Après le retour de Clamecy, la suite des aventuriers de la Remontada.

Depuis Clamecy, la course à la présidentielle s’est accélérée. Le parti socialiste, bousculé par le lancement de campagne de l’homme de la remontada et de la démondialisation, a propulsé la candidature Anne Hidalgo, avec les grues du port industriel de Rouen en arrière-plan, sans doute dans l’espoir de dissiper son image de maire de Paris-plage. La première mission d’Anne Hidalgo est de fermer, en douceur et avec le sourire médiatique qu’on lui connaît, le vase communicant entre elle et Arnaud Montebourg, c’est à dire entre le PS d’en haut, machine électorale et parti d’élus, et le PS d’en bas, ce qui lui reste de militants non professionnels et d’électorat potentiel. Et il y a le feu. La dernière vague de l’enquête Fractures françaises indique que 55% des sympathisants du PS considèrent que “la mondialisation est une menace pour la France”. Ils pourraient donc être tentés par l’aventure Montebourg dont le principe même est la protection contre la mondialisation, par une politique de reconquête de souveraineté politique et économique.
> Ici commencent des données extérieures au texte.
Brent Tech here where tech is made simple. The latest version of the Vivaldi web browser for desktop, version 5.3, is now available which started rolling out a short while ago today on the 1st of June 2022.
Au contraire, la maire de Paris incarne la politique des flux, la mondialisation heureuse qui n’a pas besoin de choisir entre le libre-échange et les émissions de CO2, qui préfère les métropoles riches et diverses aux nations appauvries et attardées, l’écologie magique qui veut mettre du bio à tous les repas et de la finance verte à tous les étages, la politique de l’impossible qui devient possible, à l’image de ces Jeux olympiques “sobres et écologiques” qui sont le grand projet d’Anne Hidalgo. L’opération Hidalgo est avant tout une opération de re-séduction : au son de sa douce flûte, promenée sur tous les plateaux et devant toutes les caméras, elle doit réengager les électeurs de la gauche ni-mélenchoniste-ni-macroniste dans le droit chemin du parti socialiste, là où il n’y a pas vraiment d’alternative mais où il fait malgré tout bon vivre, encore un peu, le temps d’un quinquennat peut-être. Se reposer ou être libre ; le vote Hidalgo est assurément sans effort.
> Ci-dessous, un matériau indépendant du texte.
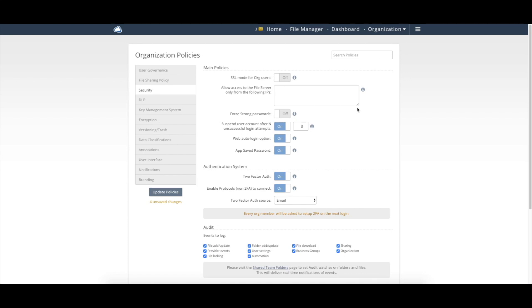So this demo environment right now is running over HTTPS. So all of the data that's flowing back and forth, both from this web interface, as well as through the desktop and mobile tools, which also go over HTTPS, is all encrypted by default.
Les premiers sondages depuis la déclaration de candidature de la maire de Paris ne sont pas fameux pour elle, ni d’ailleurs pour Arnaud Montebourg. Mais il est le challenger, et Anne Hidalgo doit plier le match au plus vite. Son adversaire, c’est la dissidence. Car si Montebourg monte, si la campagne de la remontada fonctionne, alors, fort de cette première victoire sur l’immobilisme du PS, il deviendra le meilleur adversaire de celui qui a théorisé, comme un double maléfique de François Ruffin, non pas “l’alliance des prolos et des bobos” mais “le rassemblement des classes populaires de droite et de la bourgeoisie patriote”.
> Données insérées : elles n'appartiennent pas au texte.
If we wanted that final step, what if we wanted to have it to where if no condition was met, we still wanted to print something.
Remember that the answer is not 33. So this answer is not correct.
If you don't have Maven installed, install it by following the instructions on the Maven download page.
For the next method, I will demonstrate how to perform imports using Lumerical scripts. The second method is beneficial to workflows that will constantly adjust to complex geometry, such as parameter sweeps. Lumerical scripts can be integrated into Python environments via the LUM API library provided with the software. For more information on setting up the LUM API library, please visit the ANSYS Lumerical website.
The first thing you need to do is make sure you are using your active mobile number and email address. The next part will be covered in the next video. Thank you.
Objectivement, Anne Hidalgo et Eric Zemmour ont, en Arnaud Montebourg, le même adversaire : elle, parce qu’elle a besoin, au nom du PS, de garder un électorat de gauche docile, lui parce que la concurrence d’un projet de patriotisme économique et politique de gauche qui monterait dans les sondages pourrait lui couper les ailes et l'empêcher de s'envoler.